Un scandale très japonais
Le scandale des frais de campagne a éclaté à la fin du mois de novembre 2023, quand les médias ont rapporté que le bureau du procureur général du district de Tokyo enquêtait sur des plaintes pour malversations financières mettant en cause plusieurs factions du PLD. La Seiwa Seisaku Kenkyûkai, communément appelée « faction Abe » (du nom de son ancien meneur, feu Abe Shinzô), la grande faction du parti est dans la ligne de mire. Elle aurait systématiquement sous-déclaré les revenus provenant de réceptions pour collecter de fonds et aurait frauduleusement redistribué des sommes non déclarées à des membres du groupe qui les auraient utilisées à des fins privées. Depuis 2018, 500 millions de yens (3,15 millions d’euros) auraient ainsi été détournés vers des caisses noires (du fait des délais de prescription ce qui est antérieur à 2018 ne peut être pris en compte).

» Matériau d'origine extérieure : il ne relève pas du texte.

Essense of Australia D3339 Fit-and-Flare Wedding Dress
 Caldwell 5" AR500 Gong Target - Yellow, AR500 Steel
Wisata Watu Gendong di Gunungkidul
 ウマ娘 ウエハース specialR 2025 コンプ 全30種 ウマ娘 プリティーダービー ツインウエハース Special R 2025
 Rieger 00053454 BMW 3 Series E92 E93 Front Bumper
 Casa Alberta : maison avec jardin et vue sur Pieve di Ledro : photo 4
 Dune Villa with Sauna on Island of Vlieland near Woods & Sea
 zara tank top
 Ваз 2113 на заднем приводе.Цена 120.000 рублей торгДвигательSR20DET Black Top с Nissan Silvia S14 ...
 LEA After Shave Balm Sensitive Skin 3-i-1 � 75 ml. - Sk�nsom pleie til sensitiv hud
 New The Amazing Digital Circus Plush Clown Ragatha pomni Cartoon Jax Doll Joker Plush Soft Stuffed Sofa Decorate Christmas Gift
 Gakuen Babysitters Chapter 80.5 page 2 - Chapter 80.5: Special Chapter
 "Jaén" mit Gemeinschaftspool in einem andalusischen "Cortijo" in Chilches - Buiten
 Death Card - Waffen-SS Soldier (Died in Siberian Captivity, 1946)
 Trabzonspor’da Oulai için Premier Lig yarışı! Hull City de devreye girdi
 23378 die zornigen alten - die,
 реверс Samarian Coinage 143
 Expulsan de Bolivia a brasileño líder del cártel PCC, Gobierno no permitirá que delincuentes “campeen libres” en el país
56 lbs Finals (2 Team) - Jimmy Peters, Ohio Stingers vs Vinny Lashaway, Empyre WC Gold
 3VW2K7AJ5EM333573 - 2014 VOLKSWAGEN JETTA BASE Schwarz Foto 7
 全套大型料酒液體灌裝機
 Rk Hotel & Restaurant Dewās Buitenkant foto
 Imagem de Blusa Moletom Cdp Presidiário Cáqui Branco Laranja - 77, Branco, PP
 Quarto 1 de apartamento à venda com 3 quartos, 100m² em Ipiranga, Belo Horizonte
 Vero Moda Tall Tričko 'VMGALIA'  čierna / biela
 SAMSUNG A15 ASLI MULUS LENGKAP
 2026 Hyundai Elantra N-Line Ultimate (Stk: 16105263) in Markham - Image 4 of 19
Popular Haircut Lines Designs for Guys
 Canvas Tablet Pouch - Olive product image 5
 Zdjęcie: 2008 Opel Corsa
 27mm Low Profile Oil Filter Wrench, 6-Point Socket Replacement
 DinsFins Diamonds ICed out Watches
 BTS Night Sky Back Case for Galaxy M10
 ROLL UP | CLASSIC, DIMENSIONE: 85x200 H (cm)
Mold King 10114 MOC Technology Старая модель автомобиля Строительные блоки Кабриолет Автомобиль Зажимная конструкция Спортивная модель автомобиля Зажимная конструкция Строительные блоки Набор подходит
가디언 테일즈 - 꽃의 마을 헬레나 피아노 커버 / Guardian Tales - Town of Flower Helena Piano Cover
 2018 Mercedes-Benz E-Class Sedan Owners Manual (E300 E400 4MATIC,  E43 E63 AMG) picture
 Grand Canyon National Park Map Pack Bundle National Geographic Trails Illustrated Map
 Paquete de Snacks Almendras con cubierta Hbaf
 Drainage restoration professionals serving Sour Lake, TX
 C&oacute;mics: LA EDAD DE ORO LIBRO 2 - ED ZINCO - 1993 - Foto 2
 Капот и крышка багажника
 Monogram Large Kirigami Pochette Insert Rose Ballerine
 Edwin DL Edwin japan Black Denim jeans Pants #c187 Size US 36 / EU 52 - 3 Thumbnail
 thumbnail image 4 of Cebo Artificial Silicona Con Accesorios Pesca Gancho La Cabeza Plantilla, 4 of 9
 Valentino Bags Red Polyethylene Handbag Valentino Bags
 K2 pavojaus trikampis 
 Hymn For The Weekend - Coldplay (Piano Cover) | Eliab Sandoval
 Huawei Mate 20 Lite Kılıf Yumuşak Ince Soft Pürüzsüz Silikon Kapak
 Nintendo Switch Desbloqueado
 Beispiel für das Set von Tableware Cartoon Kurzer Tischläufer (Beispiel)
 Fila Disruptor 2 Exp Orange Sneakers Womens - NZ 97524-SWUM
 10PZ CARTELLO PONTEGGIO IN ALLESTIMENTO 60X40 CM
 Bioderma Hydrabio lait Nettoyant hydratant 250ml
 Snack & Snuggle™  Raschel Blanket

Vu la taille de la faction Abe et son influence, Kishida avait choisi de nommer des membres du groupe à des postes clés du gouvernement et du parti. Mais, à la mi-décembre, il a dû les démettre de leurs fonctions, les informations ayant fuité montraient que chacun d’entre eux avait reçu des sommes secrètes se chiffrant en millions de yens. Le 14 décembre, juste après la clôture de la dernière session extraordinaire de la Diète, Kishida a accepté la démission de quatre membres de son cabinet, dont Matsuno Hirokazu, Secrétaire général du cabinet et Nishimura Yasutoshi, ministre de l’Économie, du Commerce et de l’Industrie. Trois cadres du PLD ont également démissionné : Hagiuda Kôichi, président du Conseil de Recherche politique, Takagi Tsuyoshi, président de la commission des affaires de la Diète ainsi que Sekô Hiroshige, secrétaire général de la chambre des Conseillers. Cinq ministres d’État ont également été remplacés. (Voir notre article : Le gouvernement japonais remanié d’urgence après une affaire de fraude : la nouvelle liste des membres)
Bien qu’à ce stade le Premier ministre ne soit pas encore impliqué en personne, le scandale et la purge ont sérieusement entaché son image et compromis son avenir à la tête du parti. Le soutien de la faction Abe a été essentiel pour le cabinet Kishida. Le parti était resté uni derrière le gouvernement en dépit de sa forte impopularité. Mais aujourd’hui, la faction est furieuse d’avoir été exclue des coulisses du pouvoir, elle lui a retiré son soutien alors que la cote de popularité du Premier ministre est au plus bas.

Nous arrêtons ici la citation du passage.